The final date for technical bids is February 14; it is February 28 for commercial bids; these are separate applications

Priya NairM Saraswathy Mumbai
All the eight pension funds managing private sector workers’ money in the National Pension System (NPS) will be applying for re-selection. Bids for a five-year appointment to manage private sector pensions have been invited by the Pension Fund Regulatory and Development Authority (PFRDA).

The eight funds met PFRDA officials on Wednesday to clarify various conditions in the formal Request for Proposal (RFP) floated by the Authority. The final date for technical bids is February 14; it is February 28 for commercial bids; these are separate applications. The letter of intent will be given to those selected on March 4.

Three of the eight funds mentioned — LIC Pension Fund, SBI Pension Funds and UTI Retirement Solutions — are also managing the pension corpus of present and former government employees (they are the only three to be doing so). The RFP conditions exempt these three from having to give technical bids; they’d met the required conditions in 2012. They will have to give commercial bids. The other five, which manage only the private sector’s money, will have to give both. These being HDFC Pension Management Co, ICICI Prudential Pension Funds Management Co, Kotak Mahindra Pension Fund, Reliance Capital Pension Fund and DSP BlackRock Pension Fund Managers.
 
In addition, applications have been invited from other funds, too. Criteria have specified for minimum eligibility.

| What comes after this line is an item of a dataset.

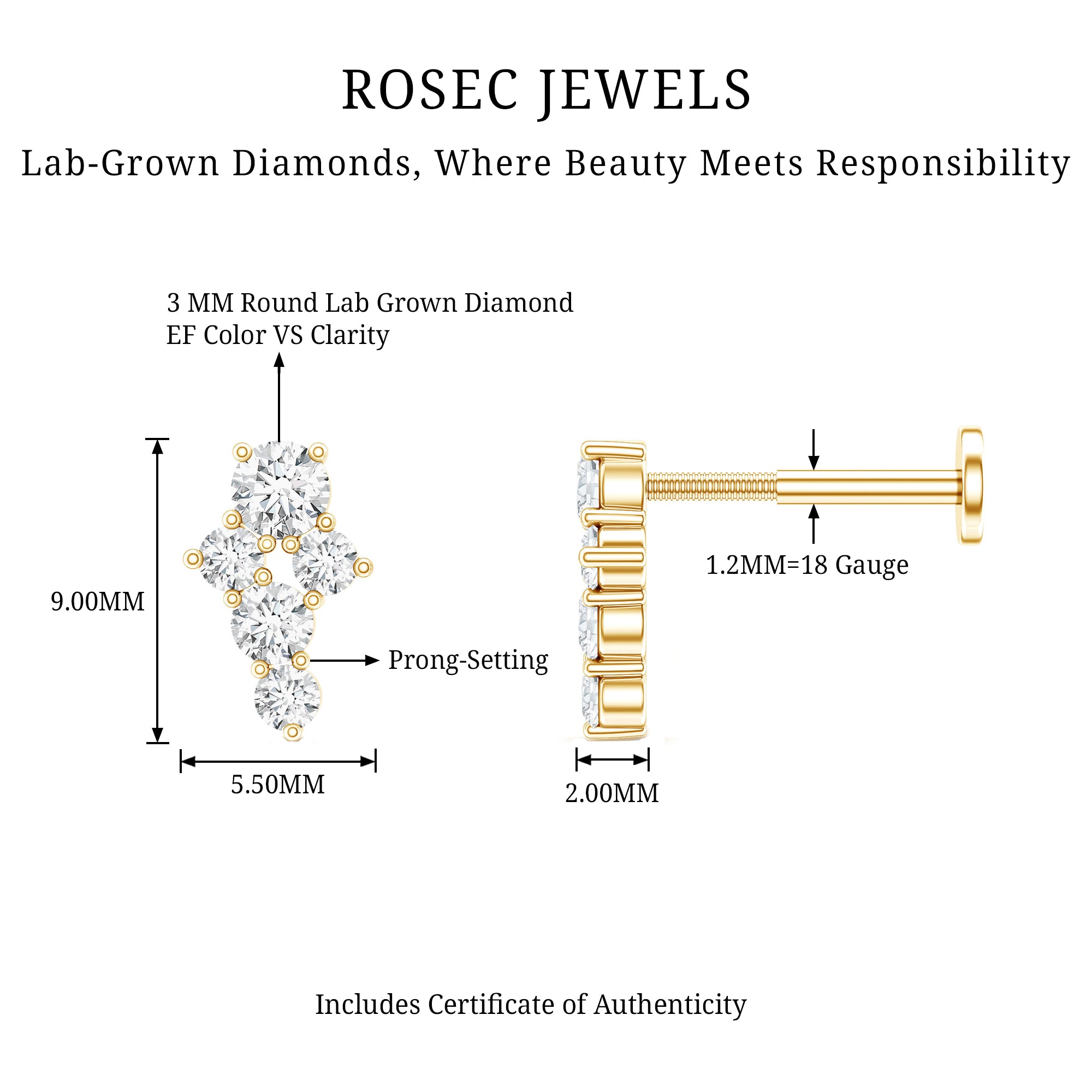 Certified Diamond Cluster Cartilage Piercing Earring Lab - ( EF-VS ) - Rosec Jewels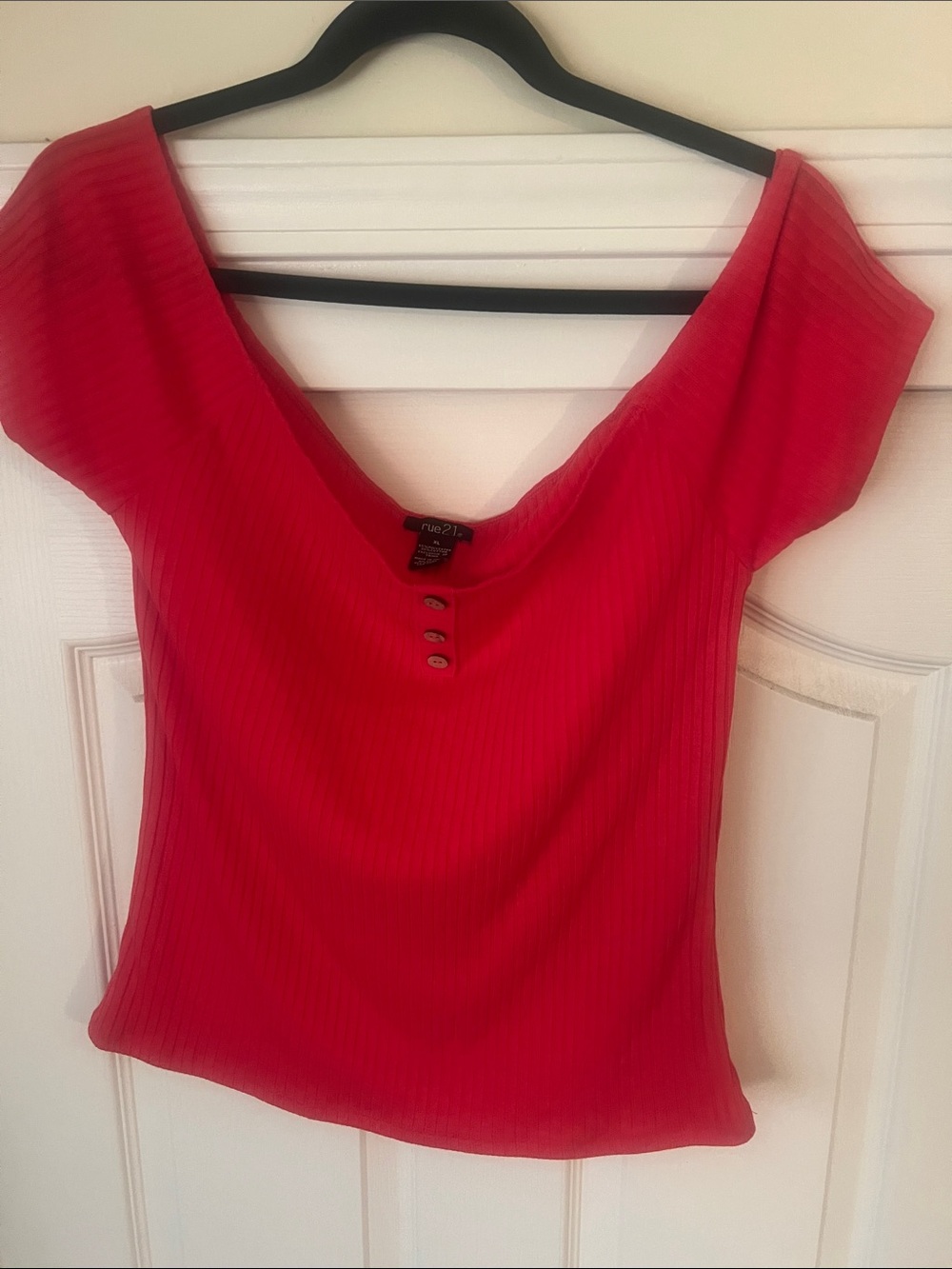 Rue21 Bright Red Ribbed Scoop Neck Crop Top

And, PFRDA has said, it might appoint any number for this next five-year term — eight, less than or more than this many.

NPS is the contributory pension scheme launched by the Union government in January 2004. It was made compulsory for all new government employees. Those in all non-government livelihoods, including those not in any organised sector, were invited to join from 2009. PFRDA  enforces the rules; it got statutory status a few months earlier.

PFRDA has said a sponsor, to be eligible for applying, must be in a registered financial services business, monitored by it or the Reserve Bank or Securities and Exchange Board of India or the insurance regulatory body. It must have a positive net worth (meaning, a profit) and be engaged in financial business for the preceding five years.

Companies have raised some concerns on these criteria. For instance, that it is difficult for expect companies to generate a profit within five years. Also, the sponsor(s) of a pension fund must have at least three years experience of fund management in both equity and debt securities. And, the average of assets under management must not be less than Rs 8,000 crore for the 12 months ending the preceding month of application.

These are some other norms, too. “While these are strict, funds already operating in this space should not find it difficult to re-bid under the new norms,” said the chief of a private sector NPS fund manager.

Under the NPS, you can regularly invest your money into your pension account and have an option of taking a part of the corpus as a lump sum amount and the balance as a fixed monthly income. To invest in NPS, it is mandatory for an individual to open a Tier-I account, where withdrawal is not allowed.

However, after opening this, you can also start a Tier-II account, where partial withdrawal is allowed. Up to 20 per cent of the money can be withdrawn from NPS before one turns 60; the rest has to be used to buy an annuity.